Fuzzy matching hashtag with Simple Query String Query

I have an indexed field named "searchBucket" with the term "#revit" in it. Here is the analyzer applied to that field:

"default" : {
              "filter" : [
                "lowercase",
                "asciifolding",
                "english_stopwords_filter",
                "minimal_english_stemmer"
              ],
              "char_filter" : "html_strip",
              "type" : "custom",
              "tokenizer" : "uax_url_email"
            }

Via the Analyze API I've confirmed that this is the token that is generated:

{
  "tokens" : [
    {
      "token" : "revit",
      "start_offset" : 1,
      "end_offset" : 6,
      "type" : "<ALPHANUM>",
      "position" : 0
    }
  ]
}

I'm trying to search this field using the Simple Query String Query as follows:

"simple_query_string": {
                        "default_operator": "and",
                        "fields": ["searchBucket"],
                        "flags": "AND|OR|NOT|PREFIX|PHRASE|PRECEDENCE|WHITESPACE|FUZZY",
                        "fuzzy_prefix_length": 1,
                        "fuzzy_transpositions": true,
                        "lenient": true,
                        "query": "#reivt~",
                        "quote_field_suffix": ".exact"
                    }

As you can see, I'm trying to run a fuzzy query where the "i" and "v" are transposed. This does not match. However, if I remove the "#" from the beginning of the query and search "reivt~" it does match. Also if I remove the tilde from the query and search "#revit" it matches.

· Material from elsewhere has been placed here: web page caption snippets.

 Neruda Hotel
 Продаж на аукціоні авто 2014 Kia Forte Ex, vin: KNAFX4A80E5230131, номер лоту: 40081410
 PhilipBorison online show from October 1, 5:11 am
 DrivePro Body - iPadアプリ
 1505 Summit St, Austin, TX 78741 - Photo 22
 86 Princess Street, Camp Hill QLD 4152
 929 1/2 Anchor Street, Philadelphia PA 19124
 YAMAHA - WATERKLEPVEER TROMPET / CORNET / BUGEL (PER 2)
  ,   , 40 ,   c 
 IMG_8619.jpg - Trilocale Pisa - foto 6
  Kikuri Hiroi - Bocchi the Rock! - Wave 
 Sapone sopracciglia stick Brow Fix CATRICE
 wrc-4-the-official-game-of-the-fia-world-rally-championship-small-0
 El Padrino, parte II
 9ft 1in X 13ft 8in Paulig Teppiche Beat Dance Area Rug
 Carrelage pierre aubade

So it seems like perhaps using the tilde (fuzzy query) means that the field's analyzer isn't being applied? Is there anyone that can confirm this? Or can anyone give me a way to get the lucene query that is being generated under the hood for the simple query string query?

You should be able to use the "_validate/query" endpoint for this. Use the parameter "explain=true" as described in the docs to see what query gets generated from this.

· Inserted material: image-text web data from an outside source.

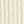 Ivory Silk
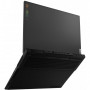 Ноутбук Lenovo Legion 5 15IMH05H (81Y600LQRA)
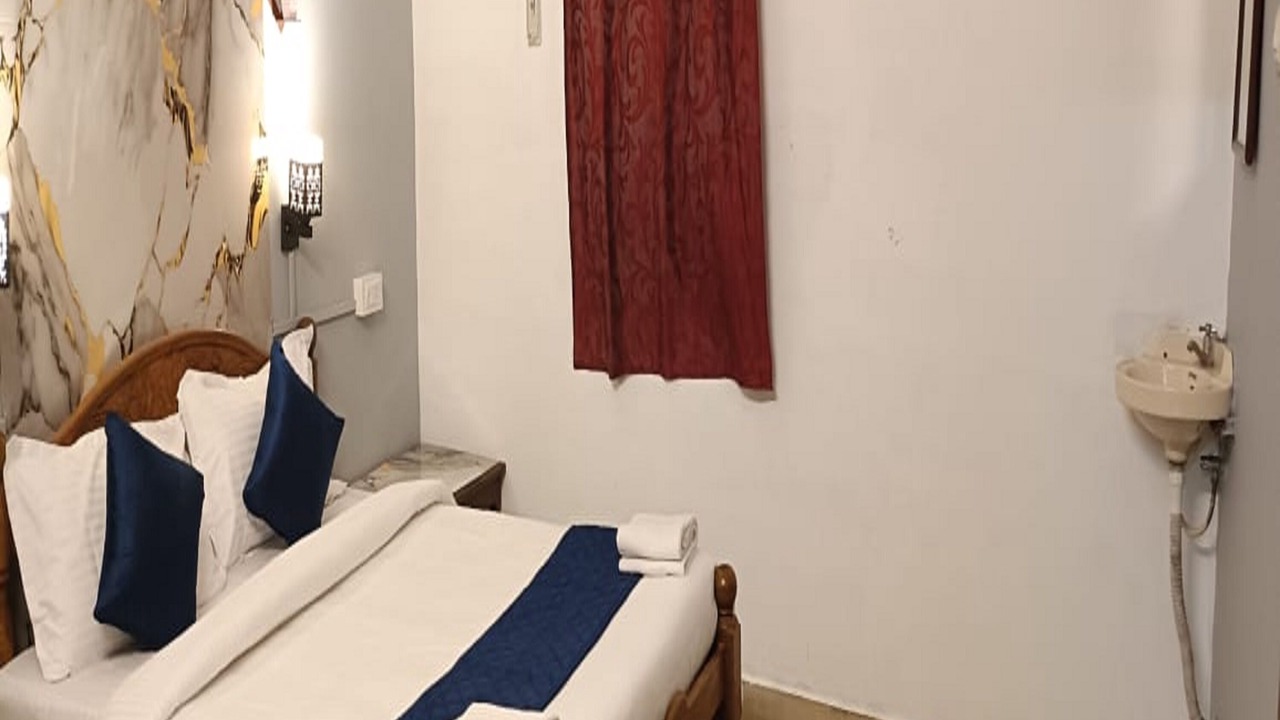Photo of Bedroom in Kuilapalayam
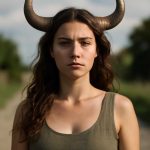 Мягкая поступь венеры: завоевать женщину-тельца без штампов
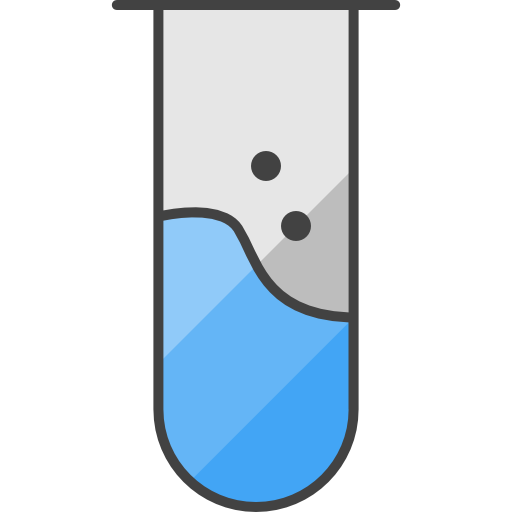 Tube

Thank you Christophe, that was helpful. It appears that the "fuzzy_prefix_length": 1 might be the problem. If that value is set to 0, the match succeeds. Since the "#" is the first character it seems to be left intact, even though the analyzer would typically strip that out. I guess I can try resetting that value back to the default of 0. It's still confusing to me why the analyzer doesn't get applied consistently - it's not like it ignores the first character completely. For example, if I type "Revit" the lowercase token filter still gets applied to that first character.

This topic was automatically closed 28 days after the last reply. New replies are no longer allowed.